If you have space in your home that you use exclusively for working on your business, the bills for utilities, homeowners association fees, homeowners insurance, mortgage interest, property taxes, and general repairs and maintenance are deductible for that portion of the home. The percentage of square footage of your office space divided by the total square footage of your home is the percentage that is tax deductible.


2) Meals

Do you find yourself talking about your business while you’re eating? Great news! The IRS allows taxpayers to deduct 50% of their business meals with customers, clients, or employees. Transportation costs to and from a business meal maybe 100% or 50% deductible depending on the facts. Beware, under the new Tax Cut and Jobs Act, entertainment deductions are no longer deductible.


3) Retirement Funds

There are several retirement funds that business owners can use for their employees and themselves to reduce their tax liability. For instance, the maximum contribution for a 401(k), which is an employer-sponsored plan is $18,500 with a $6,000 catch up for participants 50 or older. Self-directed individual retirement accounts allow you to $5,000 or $6,500 if you are 50 or older. For all these strategies, we recommend that you speak with a tax professional that knows your specific situation to provide you guidance to implement these strategies.


5 IRS Red Flags

  1. Not Reporting All Taxable Income

The IRS receives copies of all the 1099s and W-2s and has a good sense of what your income should be for the year. If there is a mismatch between the income the IRS has recorded in their systems and what you report on your tax return, that’s an automatic red flag. If you happen to receive an inaccurate 1099, be sure to contact the issuer as soon as possible and request that they file a corrected form with the IRS.

     2. Taking Higher-than-Average Deductions

Many people attempt to take excessive business tax deductions to reduce their taxable income. The IRS is fully aware of this behavior and is on the lookout for individuals abusing this tax advantage. Common areas of abuse include meals and travels which are often personal. Additionally, the 2017 Tax Cuts and Jobs Act (TCJA) no longer allows expenses for entertainment, so be sure to exclude them from your deductions.

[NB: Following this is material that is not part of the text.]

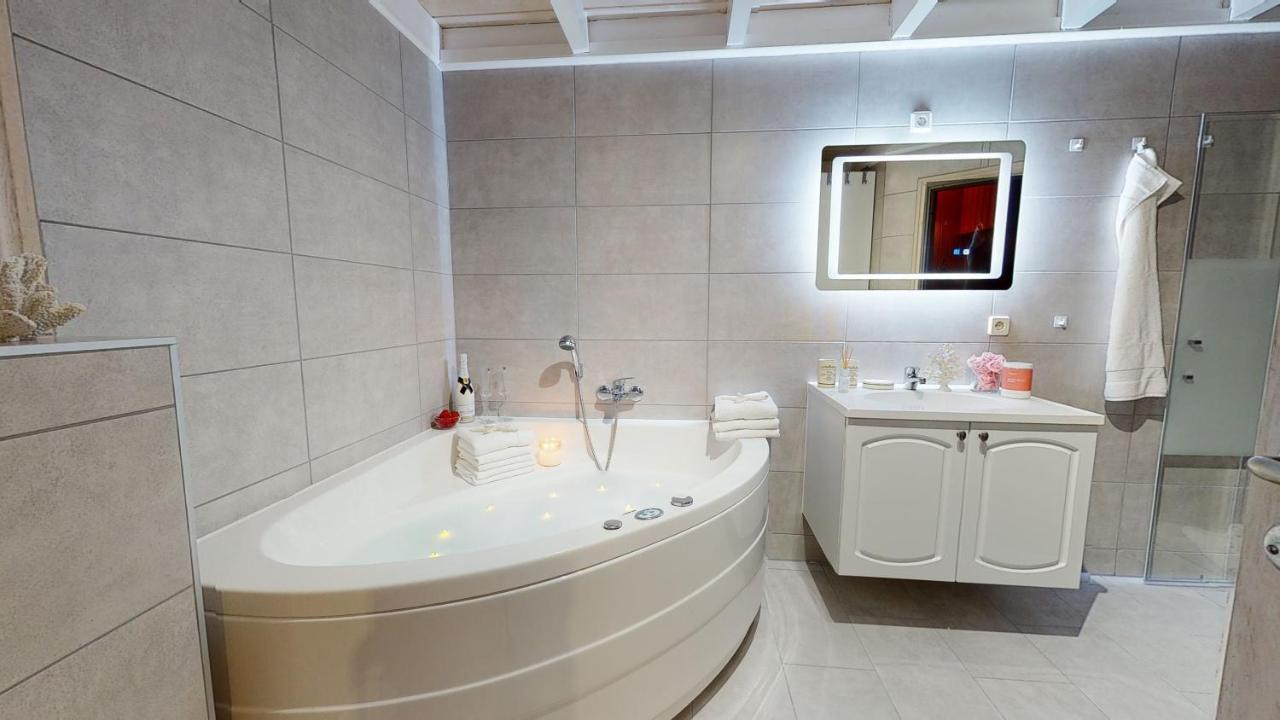 Strandhaus Ruegen - Meerblick, Sauna, Kamin & Whirlpool บาเบอ ภายนอก รูปภาพ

     3. Writing Off Losses for a Hobby

By definition, the IRS defines a trade or business as any activity carried on for the production of income from selling goods or performing services. As such, the IRS expects your trade or business to generate profit three out of every five years (or two out of seven years for horse breeding). The IRS knows that many individuals create a business entity in hopes of taking deductions and reducing taxable income.

     4. Claiming 100% Business Use of a Vehicle

As you can imagine, using your vehicle 100% for business is rare, and the IRS knows that this is an area for abuse. If you use a vehicle exclusively for business, be sure to keep detailed mileage logs, calendar entries of business activity, and the purpose for travel. Additionally, if you use the IRS’s standard mileage rate, you can’t claim maintenance and insurance since these are calculated in the rate.

     5. Giving too much to charity

Though you may be very generous, giving more than average to a charity may trigger a red flag. The IRS has a good sense of what people in your income level tend to contribute to charity. This is not to discourage you from giving, as long as you maintain detailed and accurate documentation of your contributions you should be fine.